Piotr Salak rozmawiał z mieszkańcami Jerozolimy. Jak donosi, Izraelczycy są zmęczeni ciągnącym się latami konfliktem z Palestyńczykami. „Mamy dosyć” – takie stwierdzenie słyszy się najczęściej na ulicach miasta; miasta w którym żyją odwieczni wrogowie – Palestyńczycy i Żydzi. Życie w Jerozolimie toczy się jednak swoim rytmem: korki na ulicach, dźwięk klaksonów, zatłoczone centra handlowe, gwar dobiegający z kawiarni i restauracji. Ślady toczącego się konfliktu widać jedynie w miejscach niedawnych tragedii – samobójczych ataków terrorystycznych. Na ulicy Ben Yehuda, gdzie w sobotę palestyński zamachowiec zdetonował bombę, leżą świeże kwiaty, palą się znicze, ludzie przystają na moment, jakby w zadumie nad tym co się stało. Jednak już kilka metrów dalej słychać dźwięki skocznej muzyki – tam życie toczy się normalnie.

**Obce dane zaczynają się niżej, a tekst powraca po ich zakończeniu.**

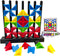 3D Building Blocks Puzzle - Educational Toys for Kids and Adults, Brain Teaser Puzzles Challenge Geometry Logic IQ Games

O tlącym się konflikcie świadczyć mogą też silne patrole wojska i policji na ulicach miasta – żołnierze stoją przed wejściami do supermarketów, kontrolują bagaże na dworcach autobusowych, bacznie obserwują przechodniów. To, co jednak dziwne i niepokojące dla obcokrajowców, naturalne jest dla Izraelczyków – dla nich wojna trwa już od 1948 roku – od powstania państwa Izrael - oni są po prostu przyzwyczajeni do widoku wojska.

Większość mieszkańców Jerozolimy, z którymi rozmawiał nasz korespondent, uważa że akcje odwetowe Izraela powinny być kontynuowane (podobnie uważa blisko 40 procent mieszkańców kraju). Wszystko wskazuje też na to, że rząd Ariela Szarona będzie reagował na zamachy tak, jak tego oczekują Izraelczycy. Wczoraj Izrael przeprowadził serię ataków lotniczych na cele w Autonomii Palestyńskiej. W nocy bombardowania przerwano z powodu szalejącej nad tym rejonem burzy, dlatego wkrótce należy spodziewać się dalszych ataków.